In the above example, by greedily taking first three 2's, we will then take must take {3,4,5} and leave the last 5.  Similarly, if we take {3, 4, 5} first, that leaves a 5 again and it won't work.

Clearly choices made earlier in solving the problem will effect later choices, revealing overlapping subproblems, so for this we turn to dynamic programming.

We will begin by taking a top-down recursive approach since it's generally easier to implement

Let's define a function dp(i), which will return whether or not an array beginning at i can be properly partitioned

    bool dp(int i) {

    

    }

 

Since we are using dynamic programming, we define our memoization table to store intermediate solutions.  Memoization is appropriate because consider the following array:

{ 2, 2, 2, 2, 2, 3, .... }

At the beginning of the array we can take either the first two 2's and the next three 2's, or we can take the first three 2's then the next two 2's.  Multiple ways lead us to the same subproblem.  So we use memoization to store previously computed subproblems.

    vector<int> memo;

In the main function, we initialize variables and call dp()
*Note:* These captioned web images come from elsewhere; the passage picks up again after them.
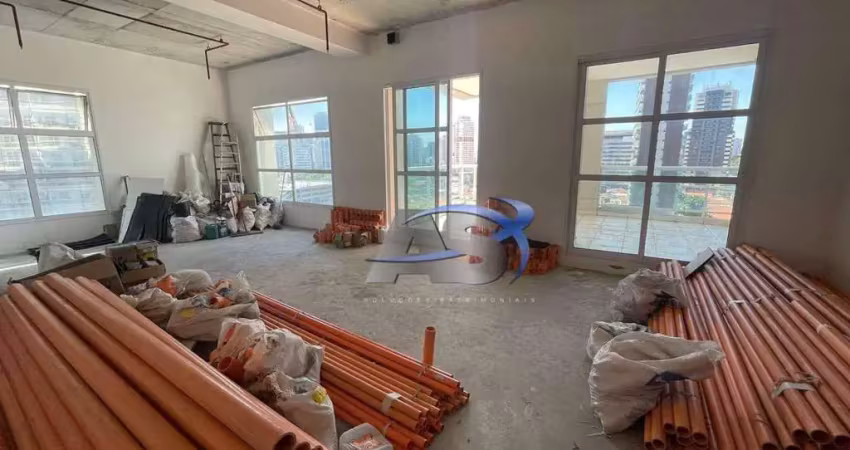 Conjunto para alugar, 90 m² por r$ 13.013,18/mês - brooklin - são paulo/sp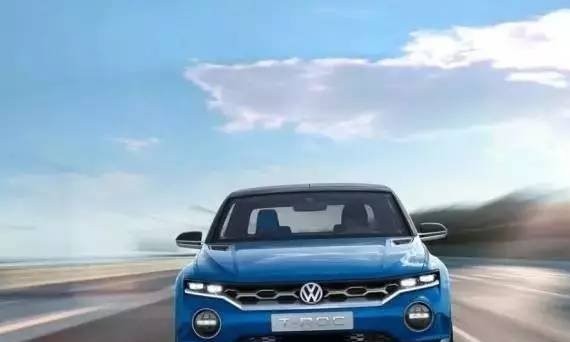 大众全新SUV大众T-ROC即将亮相，瞄准小型SUV市场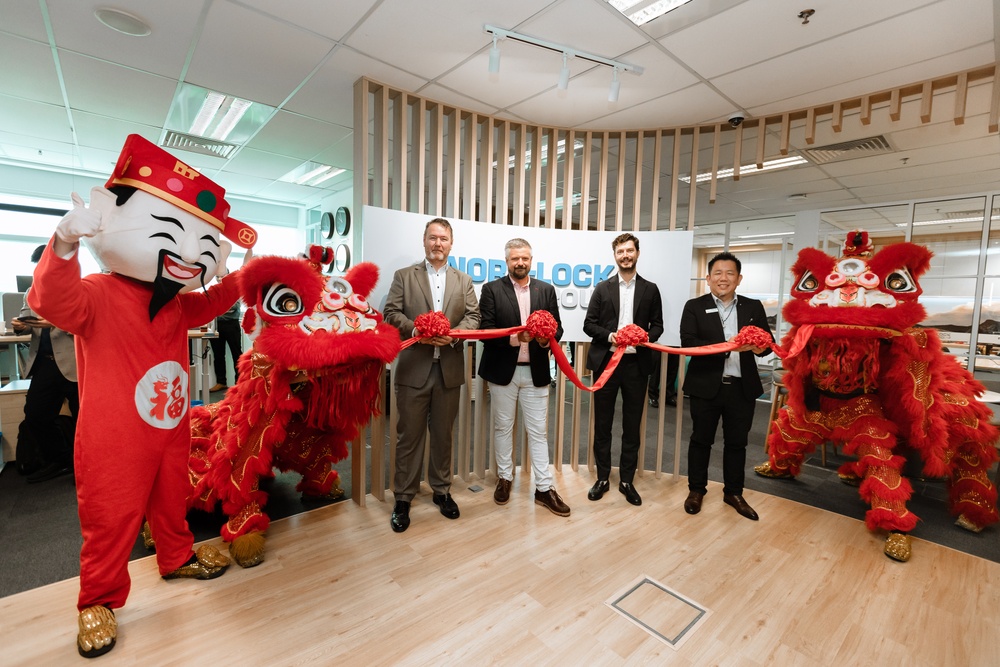 Nord-Lock Group APAC office inaguration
    bool validPartition(vector<int>& nums) {

        memo=vector<int>(nums.size(), -1);

        this->nums=nums;

        this->n=nums.size();

        return dp(0);

    }

Now we turn attention to the dp function.  We begin with base cases:

1. If we reached the last element in the array, then it can't be partitioned since there are no other elements, so we set its memo value to 0
2. If we reach the second to last element, we test if it shares the same value as the last element, and if so we set memo to 1, otherwise 0
3. If we reached the third to last element, the we test for:
1. If all the value are the same
2. If the values are increasing and differ by 1

     bool dp(int i) {

        if(i==n-1) memo[n-1]=0;

        else if(i==n-2) {

            if(nums[n-2]==nums[n-1]) memo[n-2]=1;

            else memo[n-2]=0;

        }

        else if(i==n-3) {

            if(nums[n-3]==nums[n-2] && nums[n-2]==nums[n-1]){

                memo[n-3]=1;

            } else if(nums[n-3]+1==nums[n-2] && nums[n-2]+1==nums[n-1]){

                memo[n-3]=1;

            } else memo[n-3]= 0;

        }

    }

Following the base cases, we check to see if a given index in the array has already had results computed

    if(memo[i]!=-1) return memo[i];

Then we set the recurrence relation.  We test for each of the 3 subarray definitions, then recursively call the dp function for the remaining parts of the array

    int res;

    if(

        (nums[i]==nums[i+1] && dp(i+2) ) ||

        (nums[i]==nums[i+1] && nums[i+1]==nums[i+2] && dp(i+3) ) ||

        (nums[i]+1==nums[i+1] && nums[i+1]+1==nums[i+2] && dp(i+3))

      ) {

           res=1;

   } else {

           res=0;

   }

Then set the result in the memo and return

   bool dp(int i) {

        ....

        return memo[i]=res;

   }

Dynamic programming bread and butter